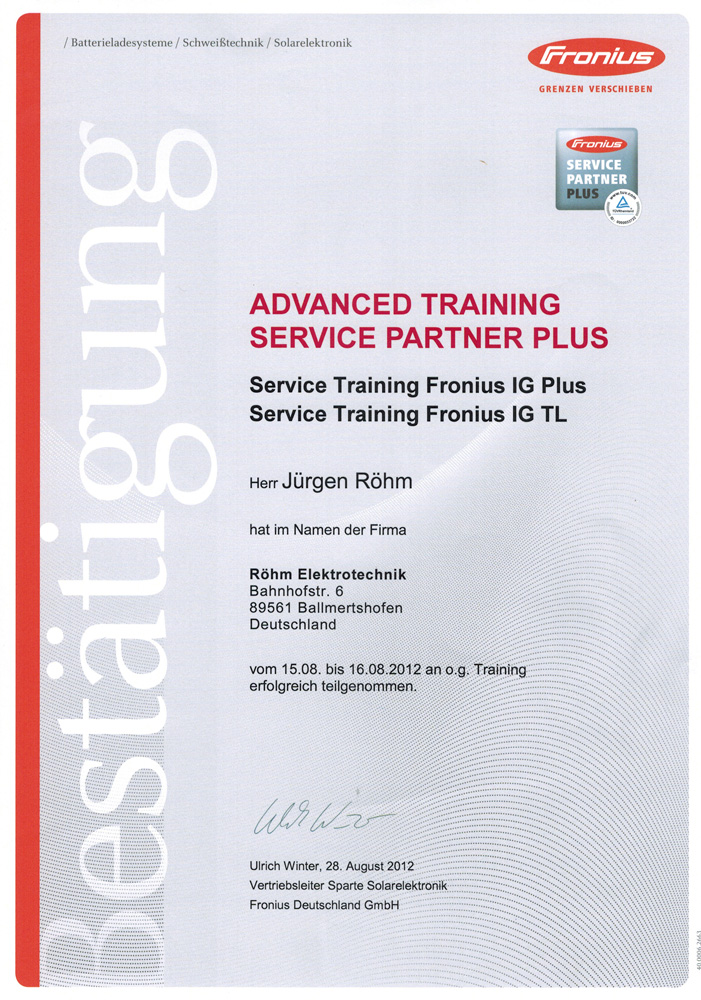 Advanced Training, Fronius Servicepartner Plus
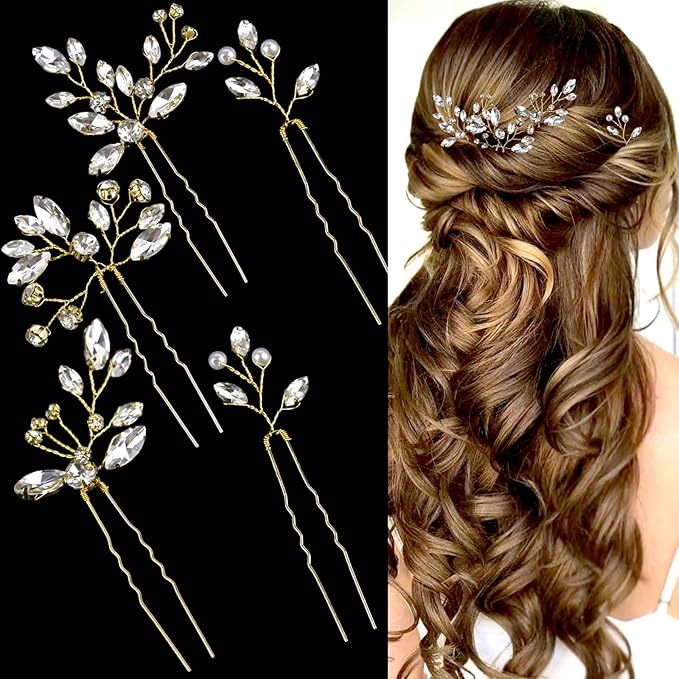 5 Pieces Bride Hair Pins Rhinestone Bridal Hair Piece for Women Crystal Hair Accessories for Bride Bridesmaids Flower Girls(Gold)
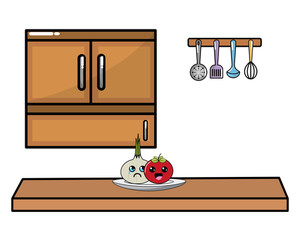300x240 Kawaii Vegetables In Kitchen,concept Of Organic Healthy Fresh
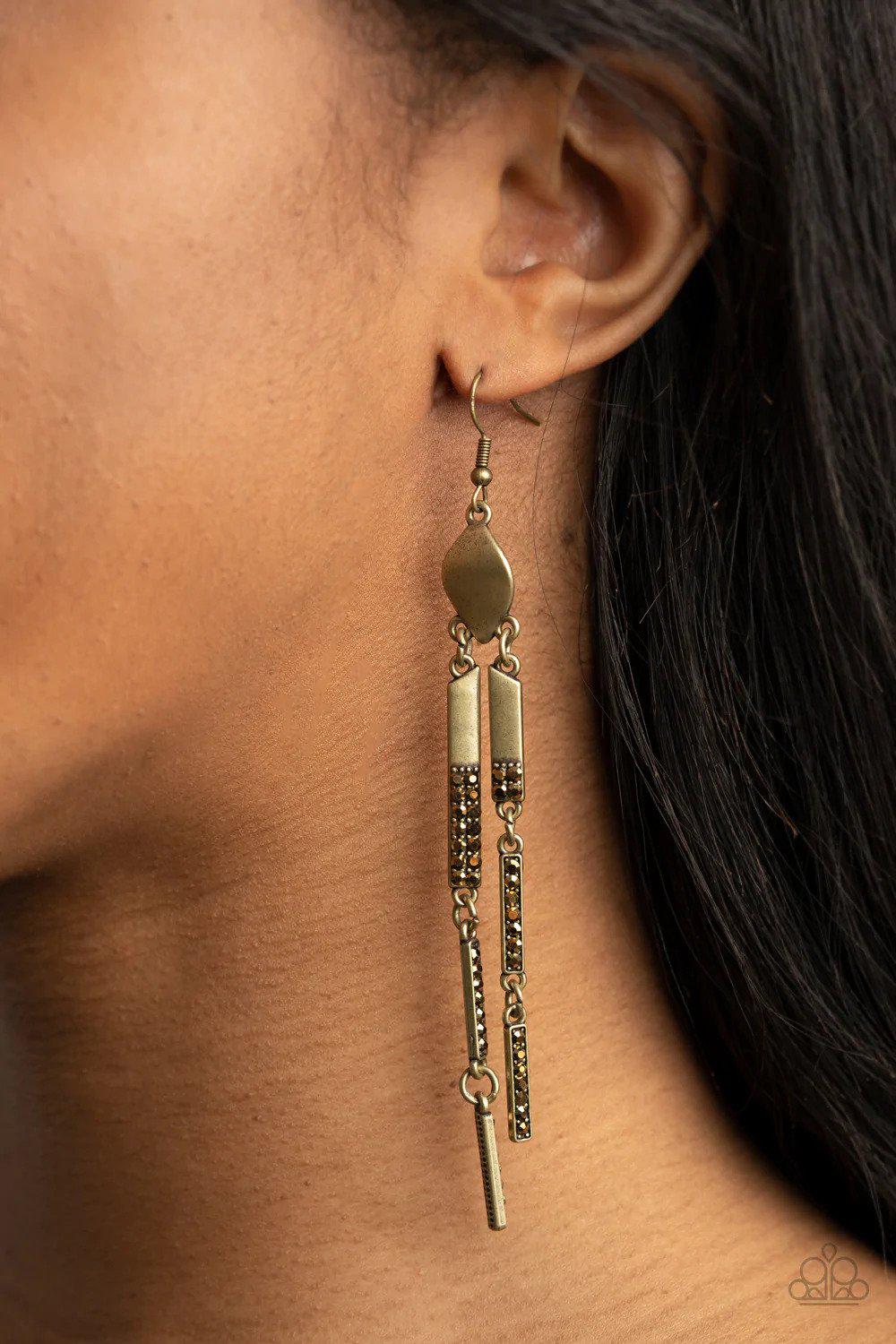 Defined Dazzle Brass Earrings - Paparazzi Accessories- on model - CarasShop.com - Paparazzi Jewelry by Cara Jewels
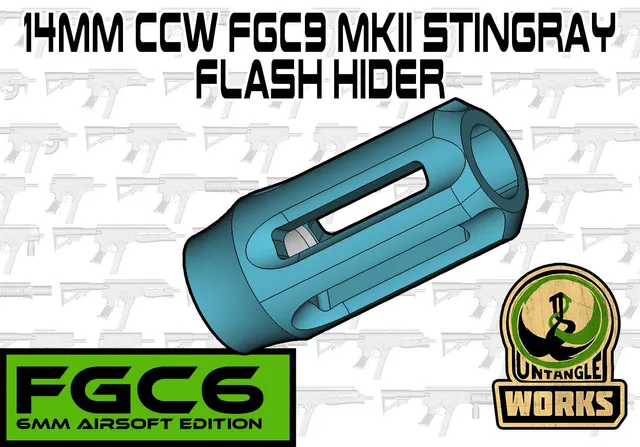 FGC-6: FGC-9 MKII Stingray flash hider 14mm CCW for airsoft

= = = = = = =

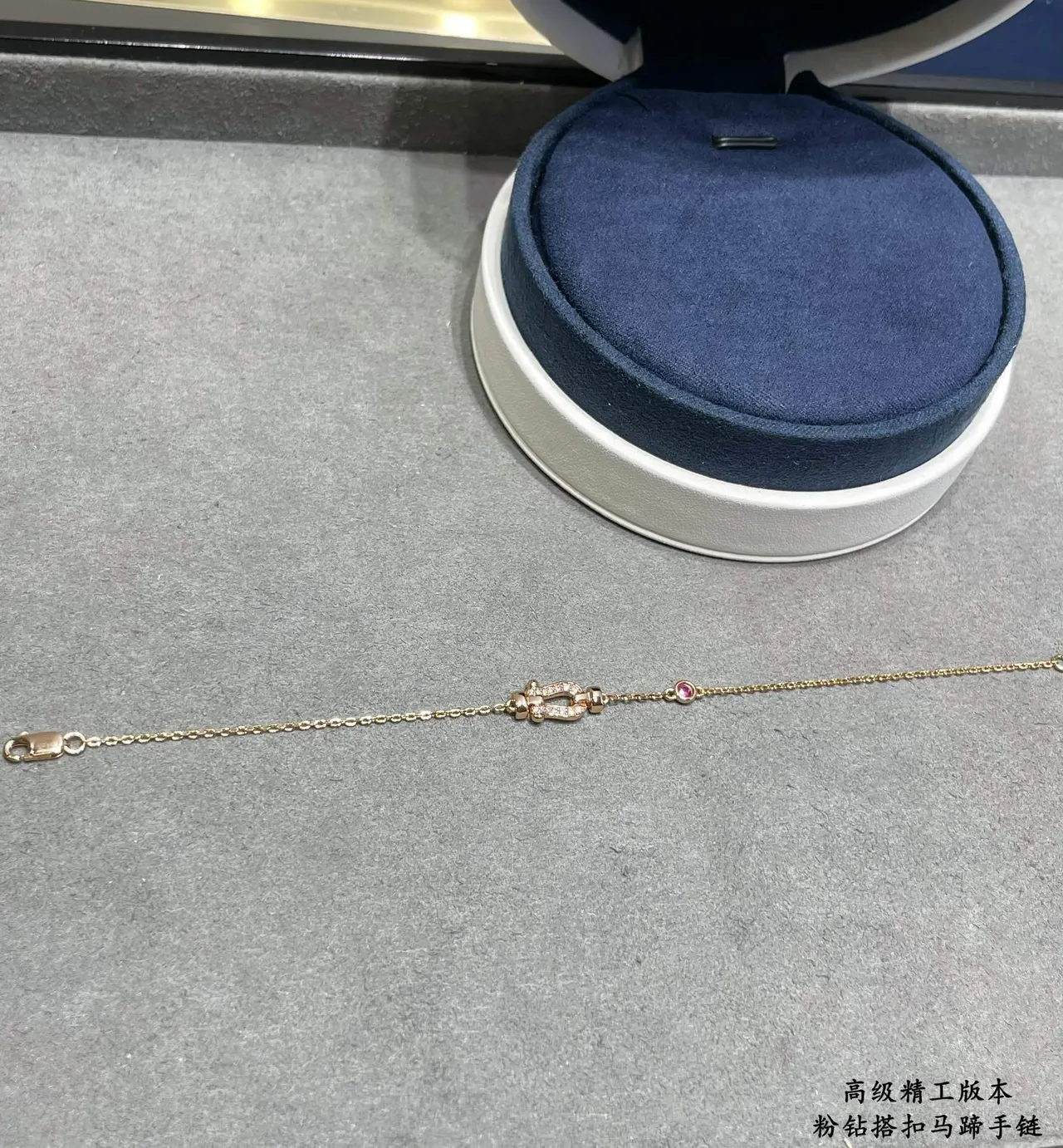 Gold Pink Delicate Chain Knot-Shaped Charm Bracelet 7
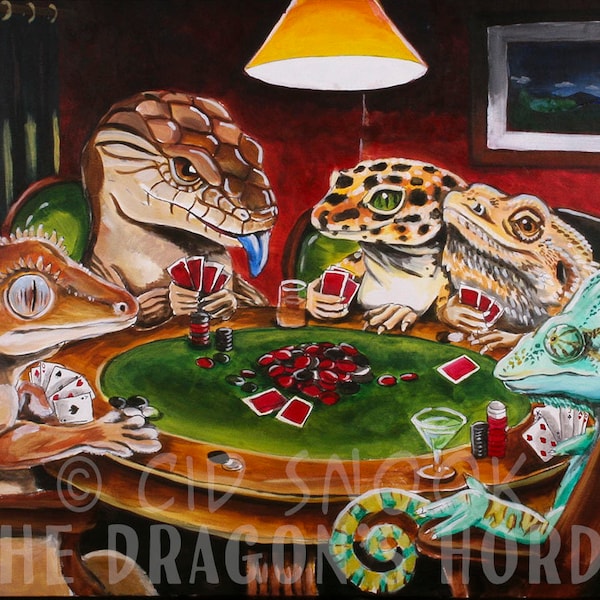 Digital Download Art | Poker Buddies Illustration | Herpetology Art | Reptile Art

= = = = = = =

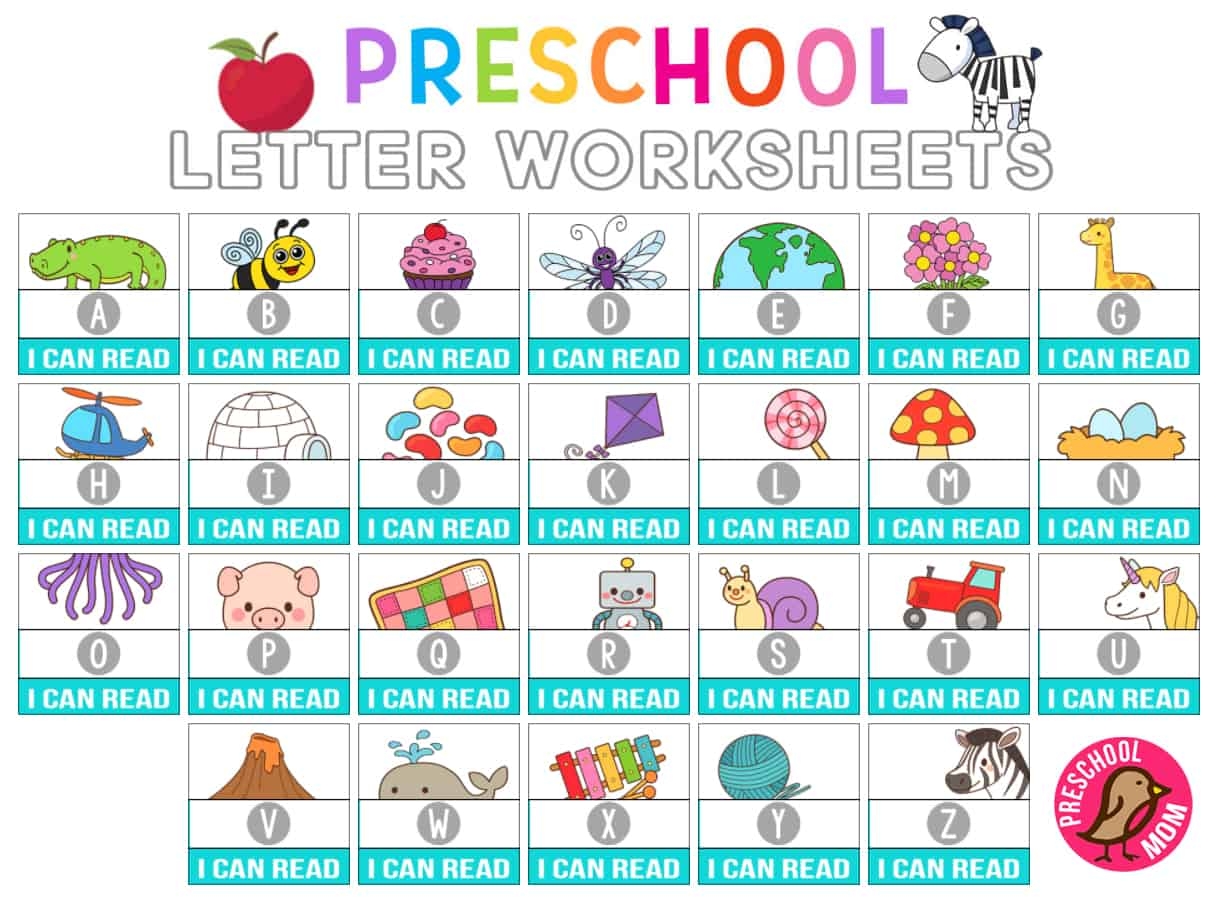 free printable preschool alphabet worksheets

= = = = = = =

- _Directions_: Using the entries above, extract exactly the lines from the one that contains "Advanced Training, Fronius" through the one that contains "FGC-6: FGC-9 MKII". Do not carry over any pictures.

- _Response area_:
 Advanced Training, Fronius Servicepartner Plus
 5 Pieces Bride Hair Pins Rhinestone Bridal Hair Piece for Women Crystal Hair Accessories for Bride Bridesmaids Flower Girls(Gold)
300x240 Kawaii Vegetables In Kitchen,concept Of Organic Healthy Fresh
 Defined Dazzle Brass Earrings - Paparazzi Accessories- on model - CarasShop.com - Paparazzi Jewelry by Cara Jewels
 FGC-6: FGC-9 MKII Stingray flash hider 14mm CCW for airsoft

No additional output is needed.